How libavif Ensures Color Accuracy in Bit Conversion
This article explains how the libavif library maintains
precise color representation when converting image files between 8-bit,
10-bit, and 12-bit formats. It covers the underlying mechanisms of
high-precision math, color space metadata preservation, and chroma
subsampling handling that prevent color degradation during the encoding
and decoding processes.
High-Precision Intermediate Processing
When converting between different bit depths, simple integer division
or bit-shifting can introduce rounding errors, leading to visible
banding or color shifts. To prevent this, libavif performs
its internal color conversions and matrix multiplications using
higher-precision math.
During conversion, pixel data is scaled up to a 16-bit integer or a
floating-point representation. By processing the colors in a higher bit
depth than the source or target format, libavif minimizes
truncation errors. The final rounding down to the target bit depth (such
as 8-bit) occurs only at the very end of the pipeline, using rounding
algorithms that preserve color integrity.
Strict Adherence to CICP Metadata
Color accuracy is heavily dependent on how color channels are
interpreted. libavif relies on Coding-Independent Code
Points (CICP) metadata, which is defined in the AV1 specification. CICP
explicitly defines three critical parameters: * Color
Primaries: The exact coordinates of red, green, and blue. *
Transfer Characteristics: The opto-electronic transfer
function (gamma curve) used to encode the luminance. * Matrix
Coefficients: The formula used to convert between YUV
(luma/chroma) and RGB color spaces.
When converting between bit depths, libavif references
these CICP parameters to apply the mathematically correct transformation
matrices. This ensures that a color defined in a 10-bit BT.2020 wide
color gamut is accurately mapped to its closest equivalent in an 8-bit
sRGB gamut, or vice versa, without unexpected shifts in hue or
saturation.
Advanced Chroma Upsampling and Downsampling
AVIF images often use chroma subsampling (such as YUV 4:2:0 or 4:2:2) to reduce file size. Converting these images to RGB (which is always YUV 4:4:4 equivalent) requires scaling the color channels.

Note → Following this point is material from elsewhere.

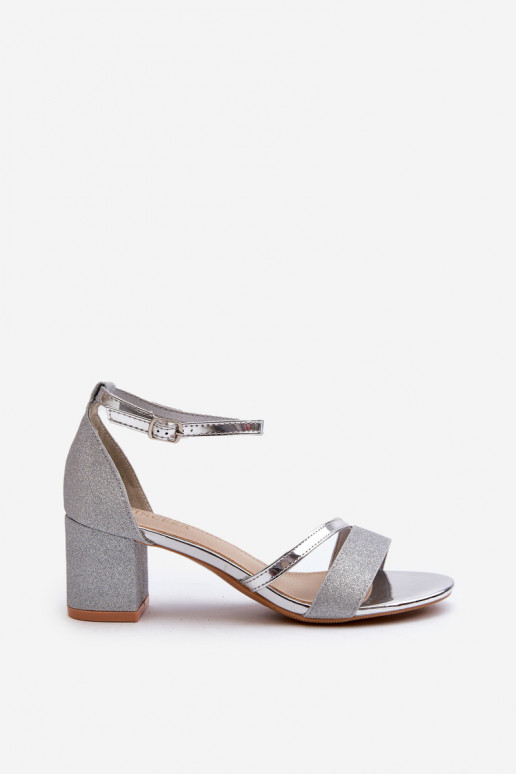 Sandalias brillantes con tacón bajo Ploemis en plateado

libavif ensures color accuracy during this phase by
utilizing high-quality interpolation filters (such as bilinear or
Lanczos) rather than nearest-neighbor scaling. When changing bit depths
alongside chroma scaling, the library performs the spatial interpolation
in the higher-precision domain. This prevents color bleeding and ensures
that transitions between contrasting colors remain sharp and
mathematically accurate.
Dithering to Prevent Banding
Going from a higher bit depth (10-bit or 12-bit) to a lower one
(8-bit) naturally results in a loss of color information, which can
cause color banding in smooth gradients. To mitigate this,
libavif can utilize dithering. Dithering adds a controlled
amount of noise to the image before quantization. This visual trick
fools the human eye into perceiving smoother gradients and highly
accurate colors, effectively preserving the visual depth of the original
high-bit-depth source even within an 8-bit container.